Two decades later film monarch Mehboob Khan after the huge success of Andaaz (1949) starring Dilip Kumar, Raj Kapoor and Nargis decided to make India’s most expensive film. The film was Aan (1952) starring Dilip Kumar and Nadira. To add glitter and glitz he decided to make the film in Technicolor –The color technology used in Hollywood films. Since Ardeshir Irani‘s first color film Kisan Kanya had poor color technology, hence Mehboob Khan and cinematographer Faredoon A. Irani, went to Hollywood to study color technology.
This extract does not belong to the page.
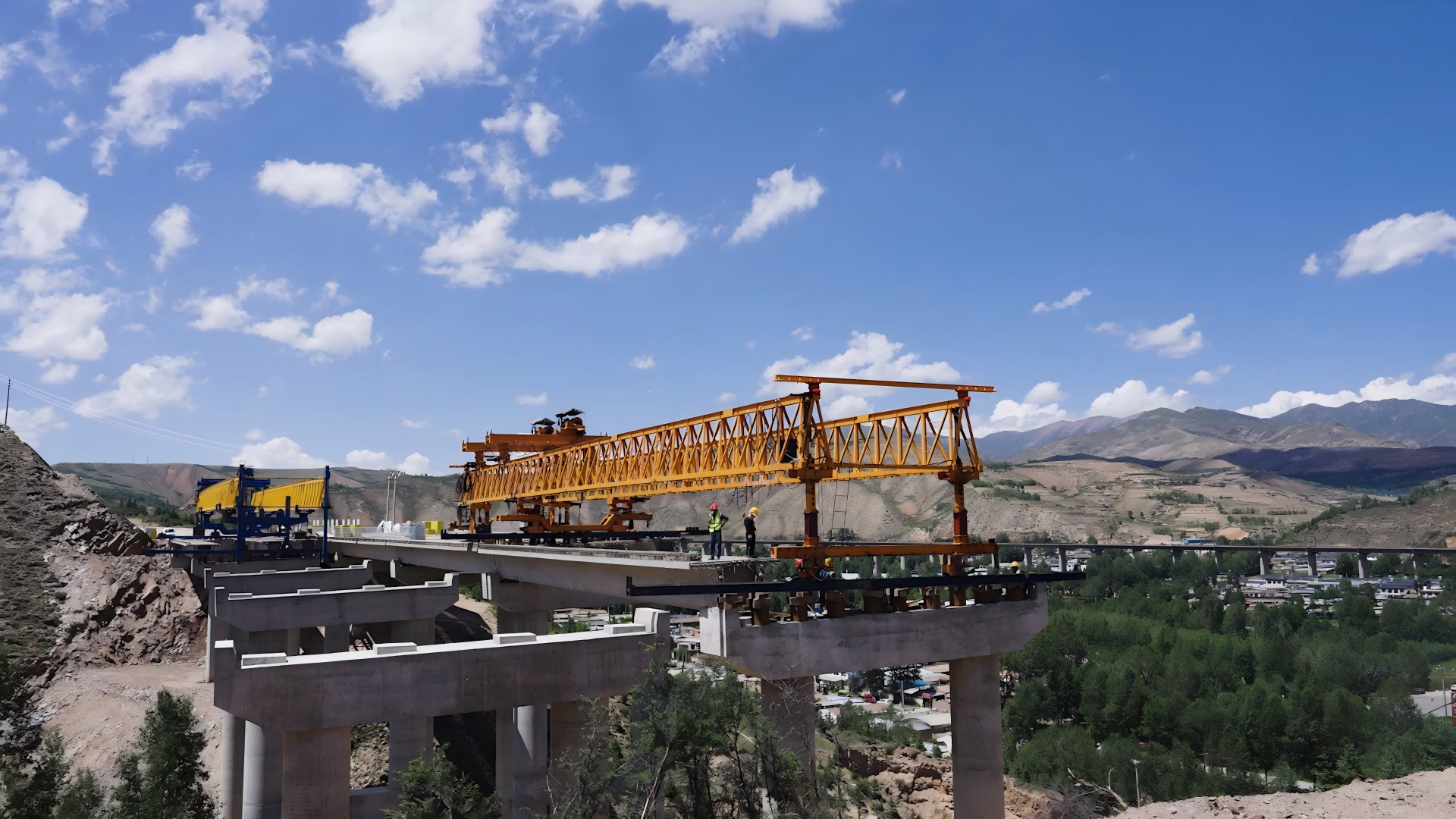 湟西公路建设现场。(受访者供图)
The film was shot on Koda chrome film stock in a 16mm camera and blew up the film to 35mm. However for superior print color and production Mehboob Khan cleverly processed the film in Technique Color prints in London!! The result was fabulous! The film had top stars like Dilip Kumar, Nimmi, Premnath and new sensational discovery Nadira. The film had music by Music maestro Naushad. For the first time the film had recorded 100 piece orchestra in London and it was played on BBC Radio!!
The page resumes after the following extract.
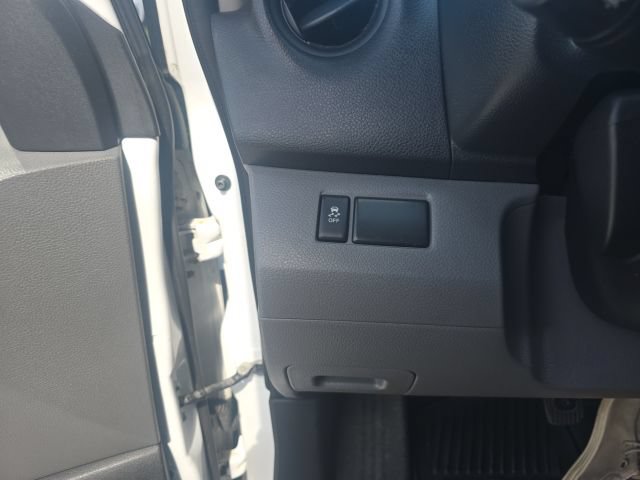 Used 2020 Nissan NV200 S FWD image 11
The film was made on a huge budget of Rs 3.5 crore (a huge amount in 50’s –equivalent to 28 crore in 2018). The film was a huge hit! The film won international applause and was shown all around the world. The success of Aan boosted Mehboob Khan‘s confidence and he made India’s greatest masterpiece in color Mother India (1957). The film won huge success not only in India but also became India’s first film to win the top 5 positions at Oscar Awards!
Other films that successfully used Technique colors were V. Shantaram‘s Jhanak Jhanak Payal Baaje (1955) and Navrang (1959). Sohrab Modi‘s lavishly produced ‘Color by Technicolor’ Jhansi Ki Rani (1956) failed at the box-office.
To cut expense, filmmakers used color for a song or 2 like Guru Dutt shooting the title song of his film Chaudhvin Ka Chand (1961). K. Asif too was enchanted by the dazzling color and filmed the hit song Pyar Kiya To Darna Kya in his magnum opus Mughal-e-Azam (1960). Dilip Kumar‘s Gunga Junma was another milestone shot in Technique color. Later in the ’70s, Ramesh Sippy‘s Sholay is also shot in Technique color!